Learn Simple Linear Regression (SLR)

SLR in Python with statsmodels.api, statsmodels.formula.api, and scikit-learn

Harika Bonthu
6 min readMay 14, 2021
Simple linear regression graph (teal colored scattered points are actuals and red line is predicted values)

In this blog, we will

  • learn the basics of the Regression algorithm.
  • take a sample dataset, perform EDA(Exploratory Data Analysis) and implement SLR(Simple Linear Regression) using statsmodels.api, statsmodels.formula.api, and scikit-learn.

To begin with, what is Regression Algorithm?

Regression is a ‘Supervised machine learning’ algorithm used to predict continuous features.

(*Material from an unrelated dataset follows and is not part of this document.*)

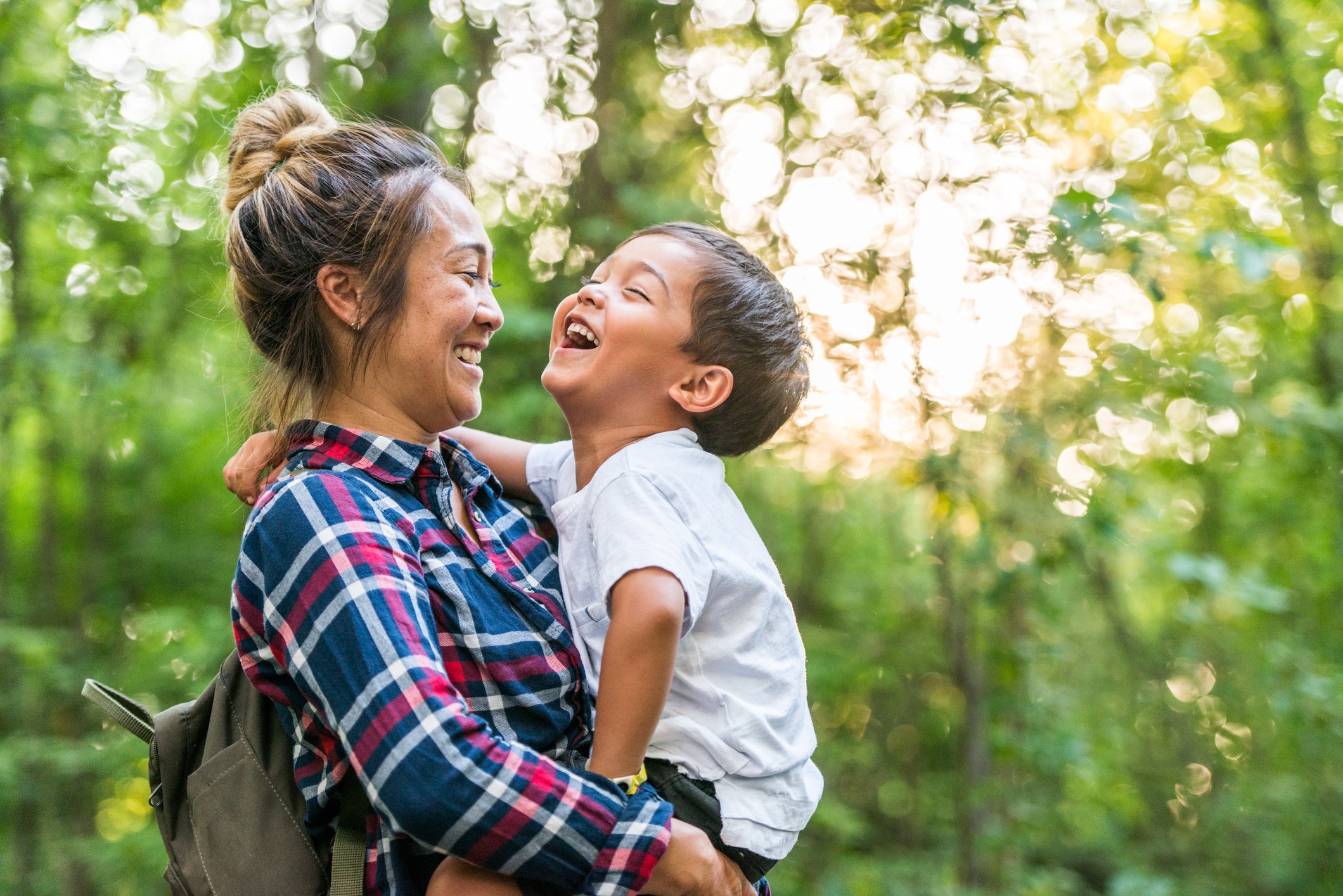 Mother holding son and laughing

Linear regression is the simplest regression algorithm that attempts to model the relationship between dependent variable and one or more independent variables by fitting a linear equation/best fit line to observed data.

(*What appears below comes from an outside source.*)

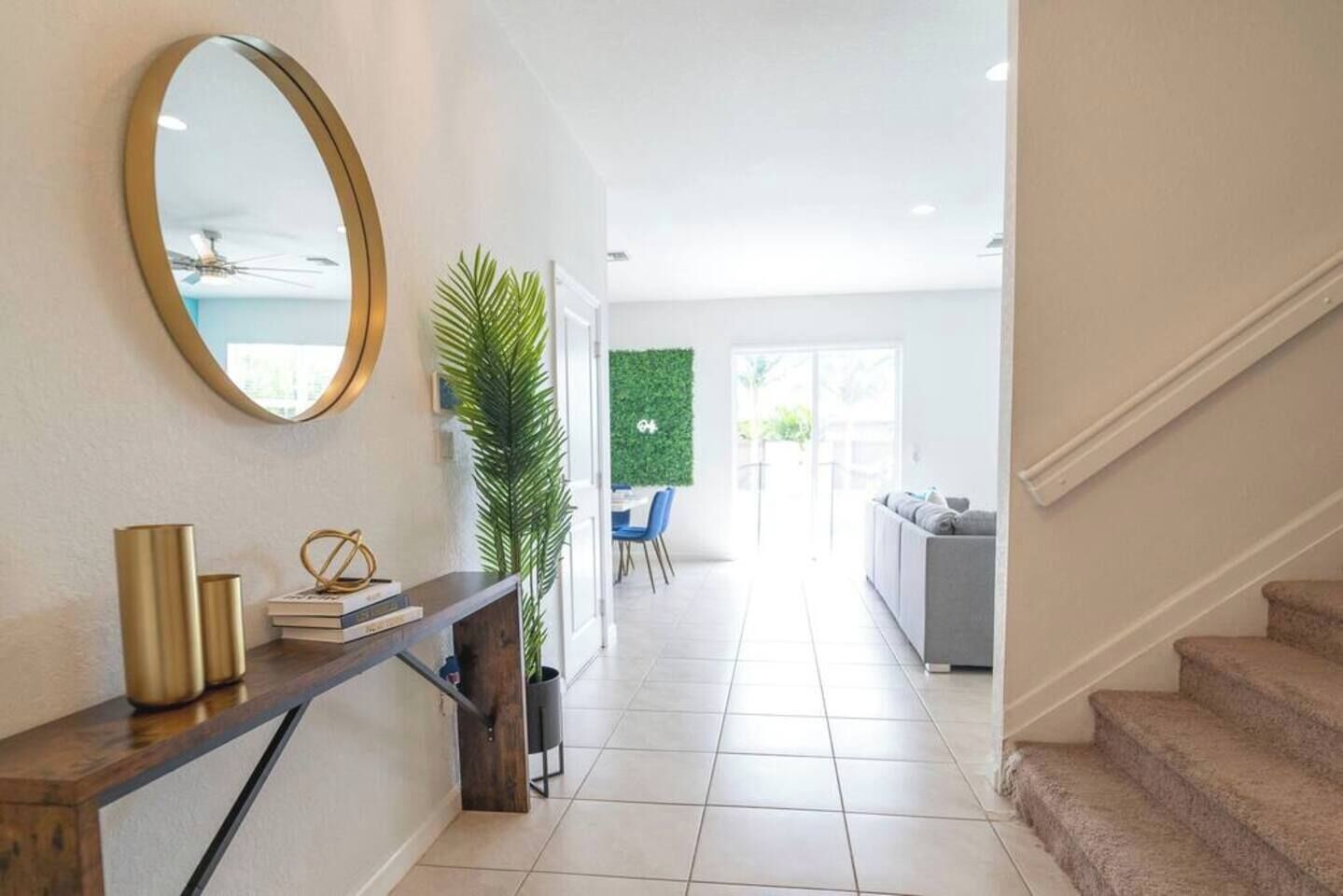 A modern interior with a staircase, a console table with decorative items, a large mirror, and a green wall.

Based on the number of input features, Linear regression could be of two types:

  • Simple Linear Regression (SLR)
  • Multiple Linear Regression (MLR)

In Simple Linear Regression (SLR), we will have a single input variable based on which we predict the output variable. Where in Multiple Linear Regression (MLR), we predict the output based on multiple inputs.

Input variables can also be termed as Independent/predictor variables, and the output variable is called dependent variable.

The equation for SLR is y=βo,+β1x+ϵ, where, Y is the dependent variable, X is the predictor, βo, β1 are coefficients/parameters of the model, and Epsilon(ϵ) is a random variable called Error Term.

OLS(Ordinary Least Squares), Gradient Descent are the two common algorithms to find the right coefficients for the minimum sum of squared errors.

Let’s begin by taking a small problem statement.

Problem statement: Build a simple linear regression model to predict the Salary Hike using Years of Experience.

Start by Importing necessary libraries

necessary libraries are pandas, numpy to work with dataframes, matplotlib, seaborn for visualizations, and sklearn, statsmodels to build regression models.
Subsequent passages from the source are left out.